Mein erster grosser Schritt in der homöopathischen Behandlung besteht darin, ein möglichst vollständiges und genaues Bild Ihrer Beschwerde aufzuzeichnen. Um tiefgreifend zu heilen ist es essentiel, diejenige Arznei zu finden, welche nicht nur die oberflächlichen Krankheitsymptome abdeckt, sondern den Menschen mit all seinen körperlichen, emotionalen, geistigen und seelischen Merkmale als Ganzes erfasst.
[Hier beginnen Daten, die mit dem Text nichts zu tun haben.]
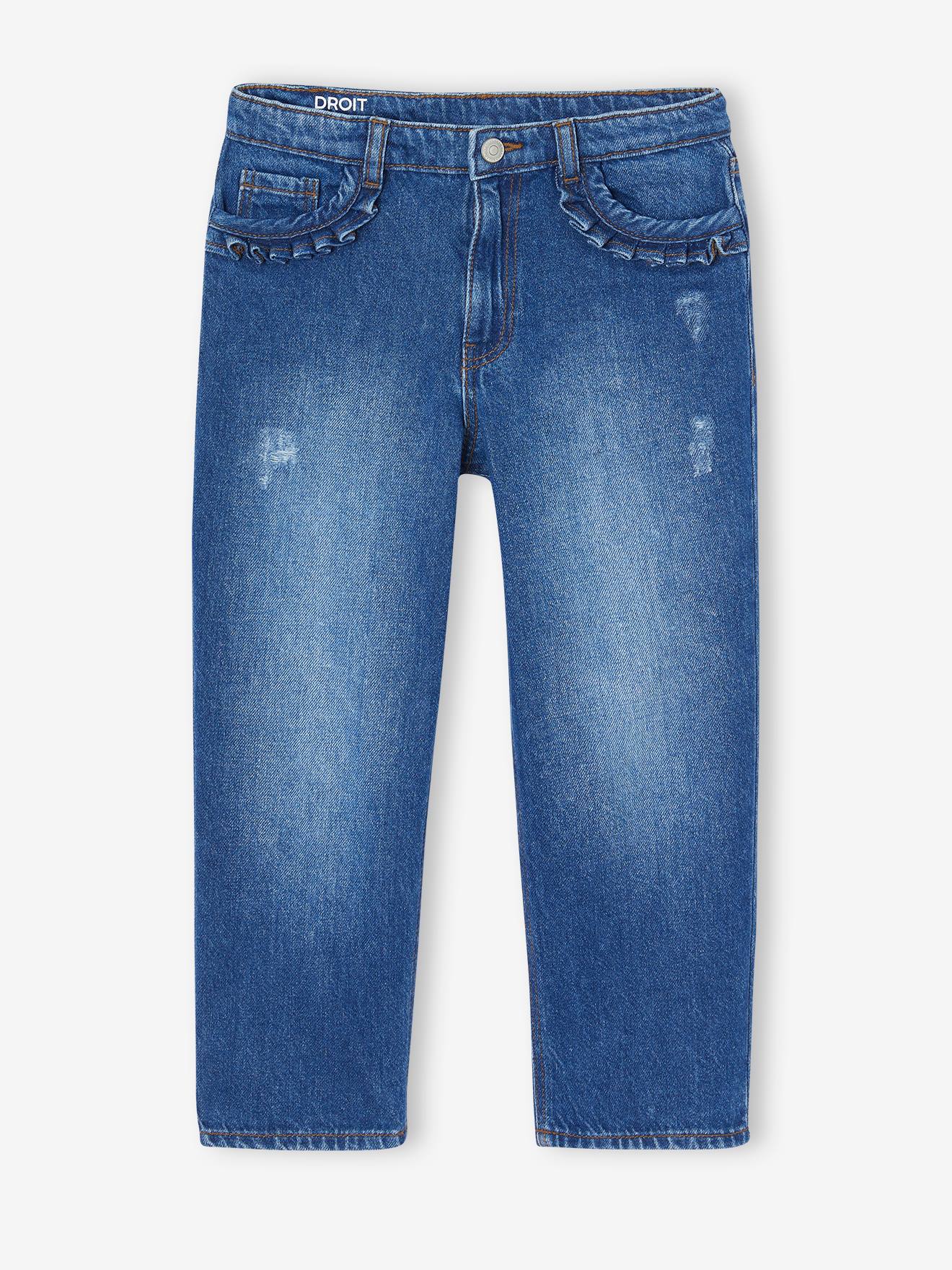 WIDE Hip, Straight Leg MorphologiK Jeans for Girls deep blue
Dieses Erstgespräch wird in der Homöopathie Anamnese genannt und erfolgt – wie nachfolgend beschrieben – in verschiedenen Sequenzen und durchdringt verschiedene Tiefen.
« DIE GESPRÄCHE, DIE WIR MIT UNSEREN PATIENTEN FÜHREN, SIND DER WICHTIGSTE TEIL DES GANZES PROZESSES »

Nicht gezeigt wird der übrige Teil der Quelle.